Je marche, lentement, sans un bruit. Pas à pas, vers l'arche de coton, vers la rivière ensommeillée. Les pierres s'alignent sous mes pieds pour tracer le chemin des merveilles. Je flotte. Einaudi pianote mes pas sur leurs échos mélodieux. Un pied au-dessus du sol. C'est comme si l'eau lévitait avec moi, tout en reposant sur la terre. C'est comme si ma peau effleurait cette eau sans en recevoir les perles, et malgré tout ma peau se noie dans ces échos de la mer, comme dans un nuage cotonneux entièrement fait d'eau qui perle.
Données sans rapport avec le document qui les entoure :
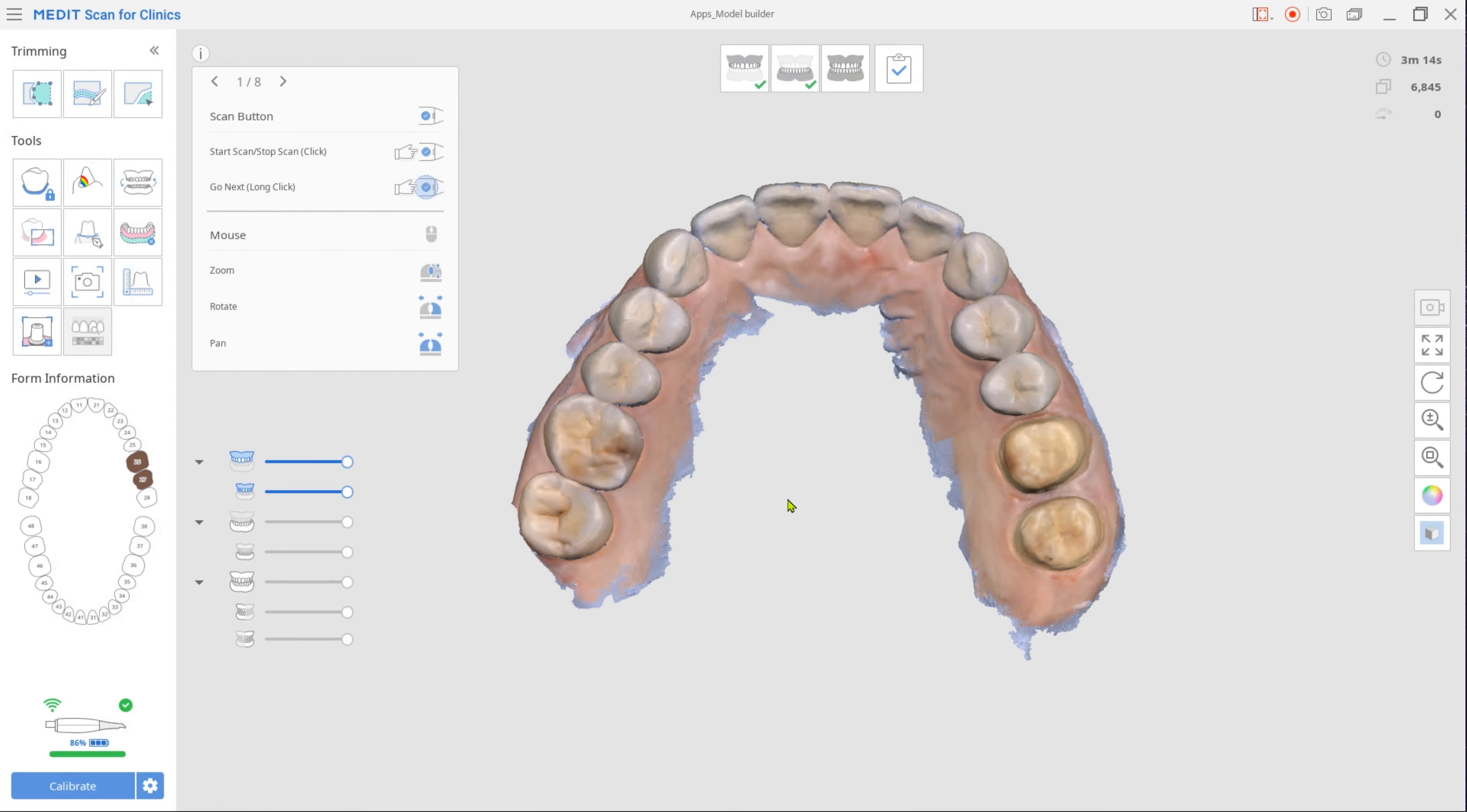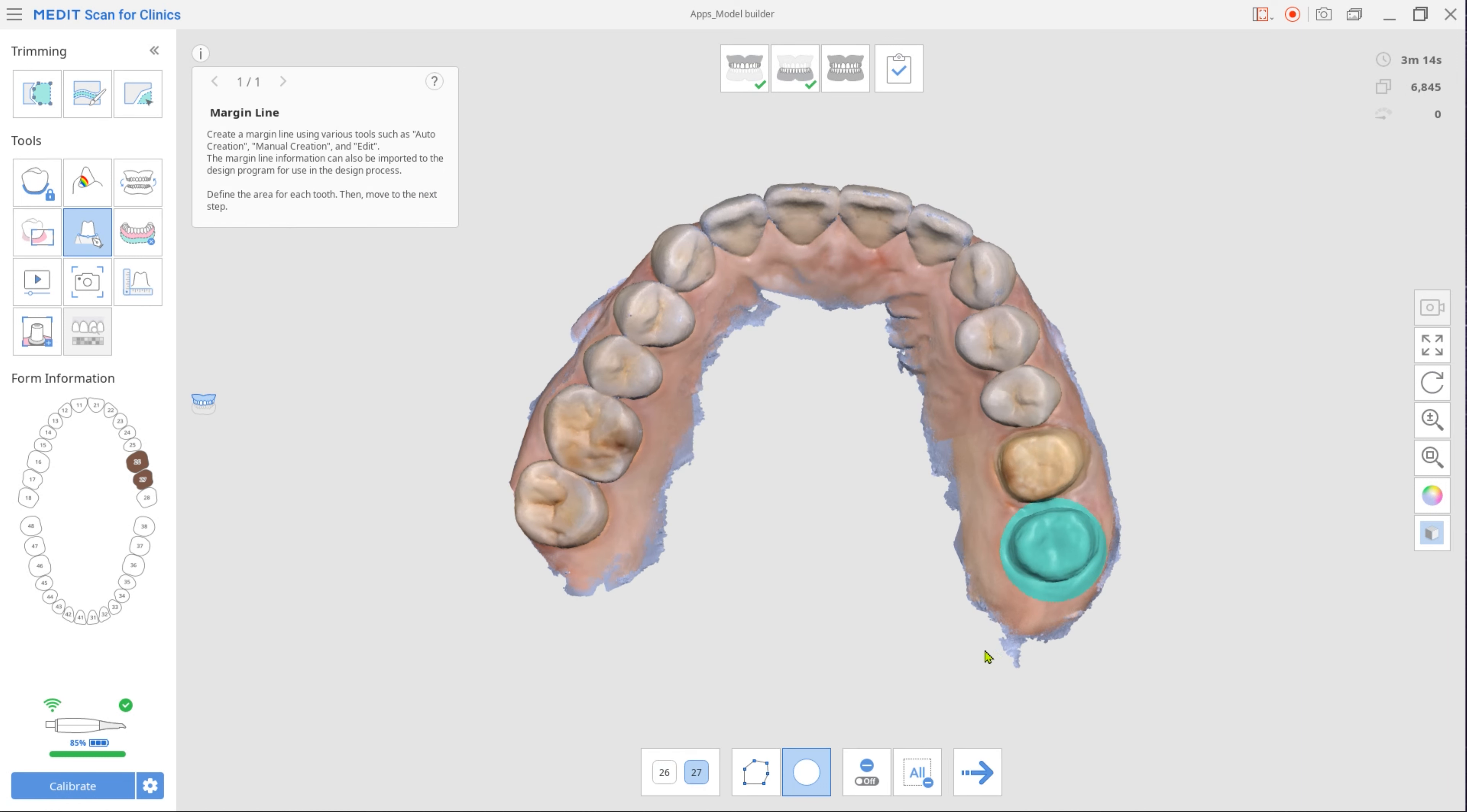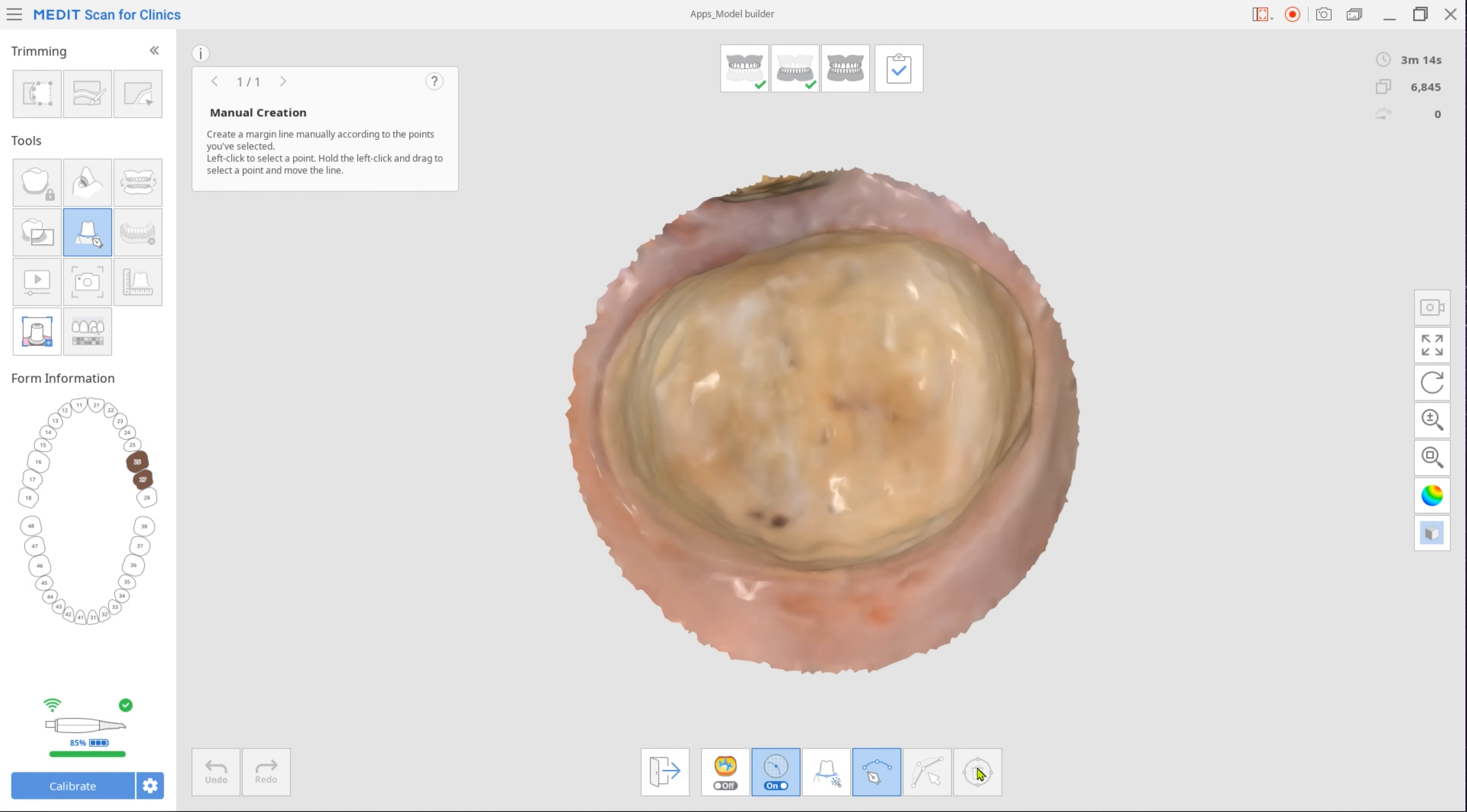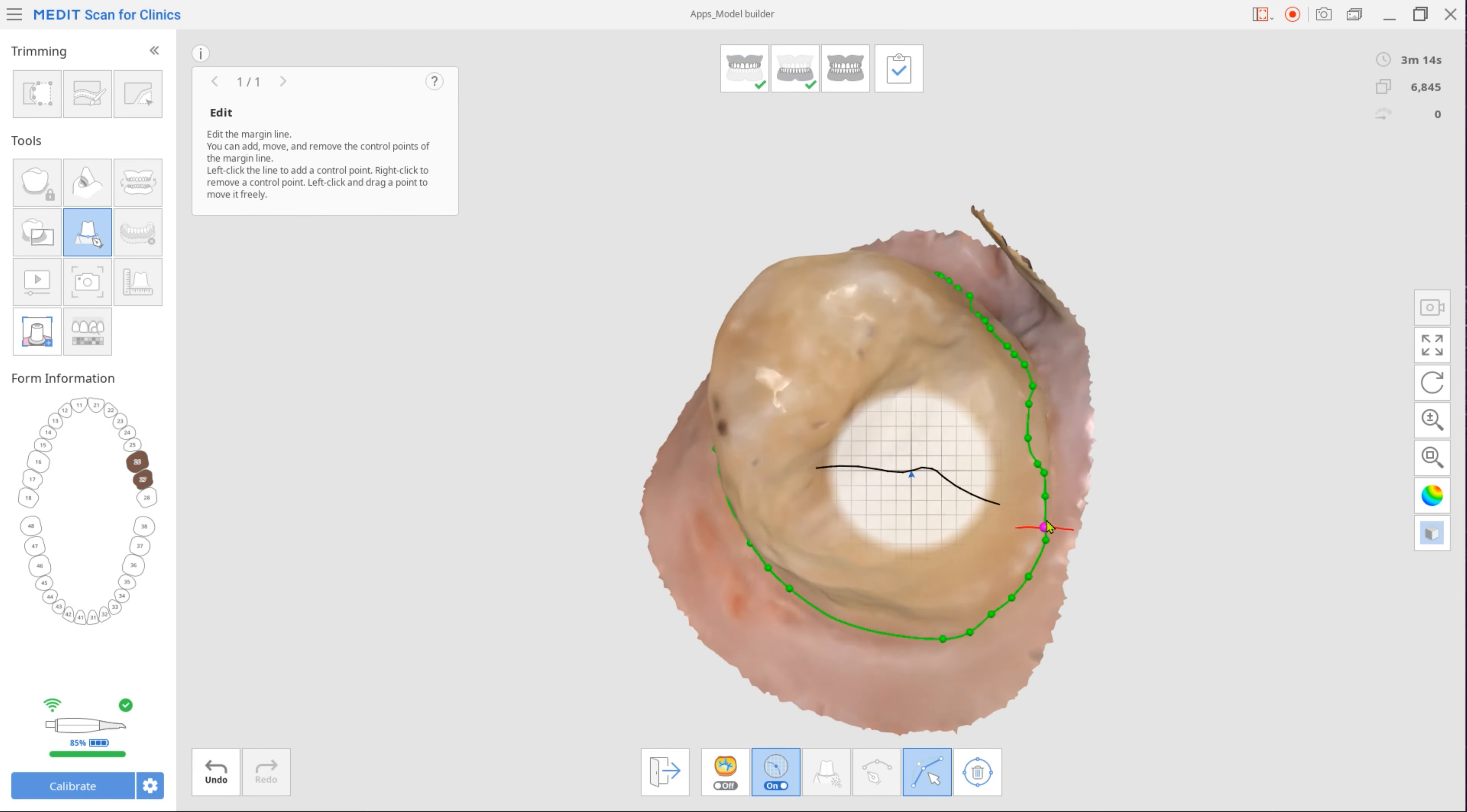A tip here is to create margin lines right in MeditScan for clinics so they could be later automatically imported to Model Builder.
Je marche dans la forêt mousseuse sous le clair de lune qui tamise mon rêve. Les lucioles volent dans l'eau du lac, les poissons nagent dans l'air brumeux. Je marche. Lentement. Sans un bruit. Juste ma respiration en harmonie avec celle de la forêt rêveuse. Ma respiration souffle le vent. Mon cœur abreuve les arbres de mon sang qui fait leur sève. Lorsque mon torse se lève, la terre fait de même. Et tout là-bas, tout au fond, aux tréfonds de la forêt qui veille, on peut entendre un doux battement, régulier, mélodieux, apaisant. Tout là-bas, tout au fond, aux tréfonds de la forêt, se cache une lueur vacillante sur les échos d'un son sourd mais doux, une lueur rouge de vie qui illumine le bosquet alentour. Tout là-bas, tout au fond, se cache le cœur de la forêt, se cache le tronc fragile et solide, sous ses formes arrondies et mystiques, duquel partent les racines ensevelies de sang qui parcourent la terre et nourrissent les arbres.
C'est comme une bulle qui n'a de temps que ce cœur résonnant, que cette mélodie silencieuse qui m'étreint de son calme et sa sagesse. Je marche, lentement, sans un bruit. Pas à pas, vers l'arche de coton, vers la rivière ensommeillée. Je plonge dans ce nuage de soie et je m'endors dans ses bras, sous la lueur de ces maigres étoiles qui m'embarquent loin là-bas. La forêt s'endort, la lune tamise le lac, le vent se fait léger, les arbres s'apaisent, et là-bas, tout au fond, aux tréfonds de la forêt, le cœur bat encore, au centre du bosquet sacré qui n'a pas encore été foulé, si bien caché.